In Rome, the she-wolf that nursed Romulus and Remus is commemorated in the last of the Cyzicene epigrams, and Ion mentions the wolf-hounds which were traditionally, responsible for the death of Euripides. Strato, on a certain disreputable occasion, compares himself to a wolf that finds a lamb standing at the door and waiting for him. As to its voracity, Diphilus, an early comic poet, calls the inhabitants of Argos wolves; Lucilius accuses one Gamus of having the appetite of five wolves.
A Baltic legend says that the establishment of the Lithuanian capital Vilnus began when the grand duke Gediminas dreamt of an iron wolf howling near the hill. Lithuanian goddess Medeina was described as a single, voluptuous and beautiful huntress who was unwilling to get married. She was depicted as a she-wolf with an escort of wolves.
The existence of a ritual that provides one with the ability to turn into a wolf. Such a transformation may be related either to lycantrhopy itself, a widespread phenomenon, but attested especially in the Balkans-Carpathian region, or a ritual imitation of the behavior and appearance of the wolf. Such a ritual was presumably a military initiation, potentially reserved to a secret brotherhood of warriors. To become formidable warriors they would assimilate behavior of the wolf, wearing wolf skins during the ritual. Traces related to wolves as a cult or as totems were found in this area since the Neolithic period, including the Vinča culture artifacts: wolf statues and fairly rudimentary figurines representing dancers with a wolf mask. The items could indicate warrior initiation rites, or ceremonies in which young people put on their seasonal wolf masks.
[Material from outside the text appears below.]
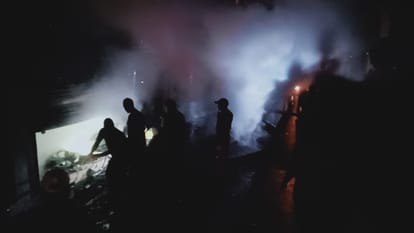Rishikesh News Fire broke out in mobile shop on Tilak Road Two Workers run away and Save their life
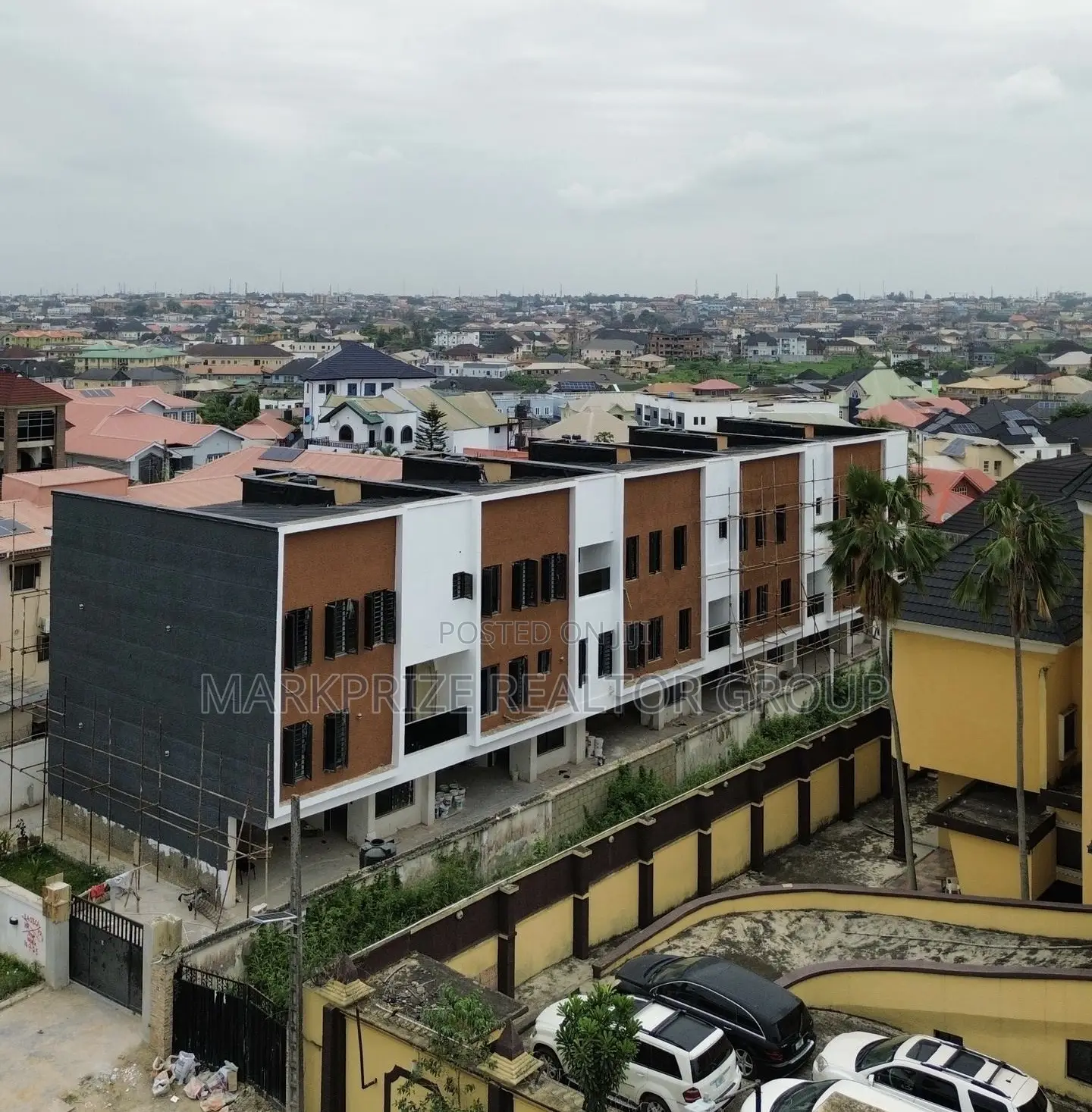 4bdrm Duplex in Ogudu Gra 1 Lagos for sale in Ogudu GRA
The element of unity of beliefs about werewolves and lycanthropy exists in the magical-religious experience of mystical solidarity with the wolf by whatever means used to obtain it. But all have one original myth, a primary event.
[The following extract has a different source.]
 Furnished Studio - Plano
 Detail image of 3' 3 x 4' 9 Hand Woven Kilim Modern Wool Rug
Wolves were generally revered by Aboriginal Canadians that survived by hunting, but were thought little of by those that survived through agriculture. Some Alaska Natives including the Nunamiut of both northern and northwestern Alaska respected the wolf’s hunting skill and tried to emulate the wolf in order to hunt successfully. First Nations such as Naskapi as well as Squamish and Lil’wat view the wolf as a daytime hunting guide. The Naskapis believed that the caribou afterlife is guarded by giant wolves that kill careless hunters who venture too near. The Netsilik Inuit and Takanaluk-arnaluk believed that the sea-woman Nuliayuk’s home was guarded by wolves.
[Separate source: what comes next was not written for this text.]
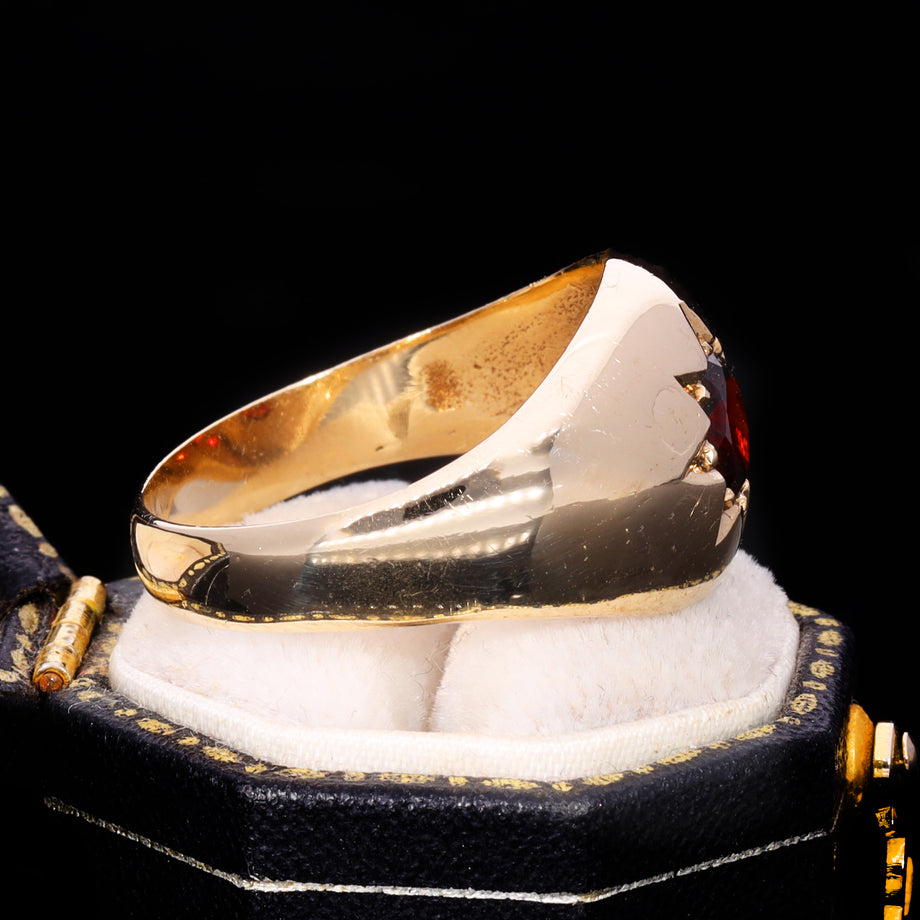 The Vintage 1976 Star Set Garnet Bombe Ring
According to the Pawnee creation myth, the wolf was the first creature to experience death. The Wolf Star, enraged at not having been invited to attend a council on how the earth should be made, sent a wolf to steal the whirlwind bag of The storm that comes out of the west, which contained the first humans. Upon being freed from the bag, the humans killed the wolf, thus bringing death into the world. the “birth” and “death” of the Wolf Star (Sirius) was to them a reflection of the wolf’s coming and going down the path of the Milku Way known as Wolf Road.